The Directors Guild of America and the International Alliance of Theatrical Stage Employees, the latter representing crew members such as gaffers, makeup artists and clients, said they were disappointed they couldn’t reach an agreement with the Motion Picture Assn. about legislation that establishes new requirements for the training and qualification of tank workers, as well as penalties for violation of safety protocols.
The unions and the MPA, which advocates for studios and streaming companies from Walt Disney to Netflix, held talks last week to find wording for a new law to be passed this year. However, the discussions, led by Senator Anthony Portantino (D-La Cañada Flintridge), ended without consensus.
How the Death of Hutchins Has Become Another Battle Cry for the Safety of Film Sets
The death of a respected cinematographer during the filming of a western in New Mexico has renewed calls for more security measures on film sets.

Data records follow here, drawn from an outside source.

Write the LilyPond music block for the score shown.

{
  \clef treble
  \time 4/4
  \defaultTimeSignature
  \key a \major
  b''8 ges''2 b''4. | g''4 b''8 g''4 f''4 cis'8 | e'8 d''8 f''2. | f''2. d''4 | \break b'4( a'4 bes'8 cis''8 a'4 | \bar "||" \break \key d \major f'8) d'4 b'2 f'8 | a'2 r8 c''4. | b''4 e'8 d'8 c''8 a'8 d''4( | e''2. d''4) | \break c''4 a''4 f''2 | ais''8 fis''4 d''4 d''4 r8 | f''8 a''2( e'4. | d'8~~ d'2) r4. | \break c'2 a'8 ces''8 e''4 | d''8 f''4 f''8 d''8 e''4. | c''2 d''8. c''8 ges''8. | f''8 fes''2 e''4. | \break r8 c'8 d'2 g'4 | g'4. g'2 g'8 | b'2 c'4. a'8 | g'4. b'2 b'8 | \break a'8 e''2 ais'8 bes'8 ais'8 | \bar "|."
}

“The DGA and IATSE we are disappointed and discouraged that this critical legislation, which would have called for important safety protections for our members and all workers in our industry, did not come into force during this legislative period,“the unions said in a joint statement. “We have not been able to get the studios to support significant, meaningful and practical security reforms that they are currently implementing in other parts of the world.”

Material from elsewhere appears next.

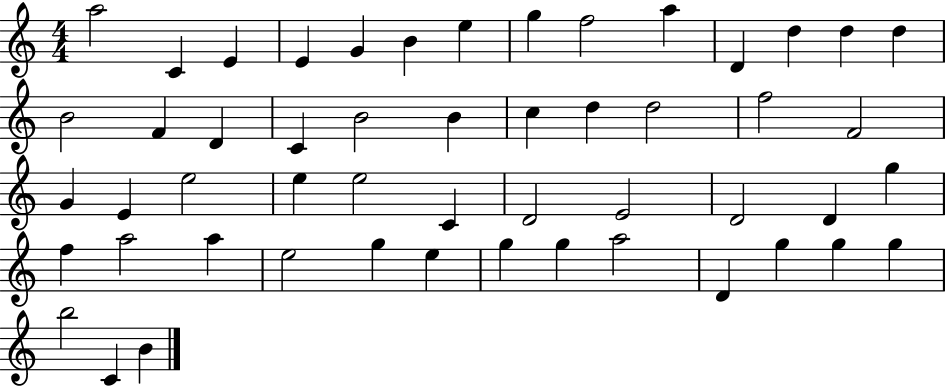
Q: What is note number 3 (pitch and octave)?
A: E4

A representative for the MPA was not immediately available for comment.
After the accidental killing of cameraman Inhalyna Hutchins on the set, the legislator demanded bills banning weapons, and producers and movie stars promised to stop using live weapons. But so far, little has changed in the industry.
Both sides have announced that they will continue negotiations in the hope of possibly passing new laws next year.
”We remain committed to reforms that protect our members through negotiations with the studios or legislation in California and other states,” the unions said in a statement. “These changes require prioritizing security and allocating resources to make this possible on the ground.”
Last week, the MPA said that it“ too, “remains committed to improved firearms safety and training programs.”
Although the MPA agreed with the unions about the need for training and qualifications for those on the set who handle or work near weapons, they differed with the unions about the role of a security officer, said a person close to the talks.
Senator Dave Cortese (D-San Jose) had introduced Senate Bill 831, which would have codified guidelines for the use of guns on sets, including setting penalties for violations by producers. Hollywood’s major unions, including IATSE and the DGA, supported the bill, but not the MPA.
The MPA instead approved a narrower bill, SB 829, introduced by Portantino. This bill focused on the use of firearms on sets and required the presence of a Fire Safety Law officer, while SB 831 required the appointment of a broader safety officer for sets.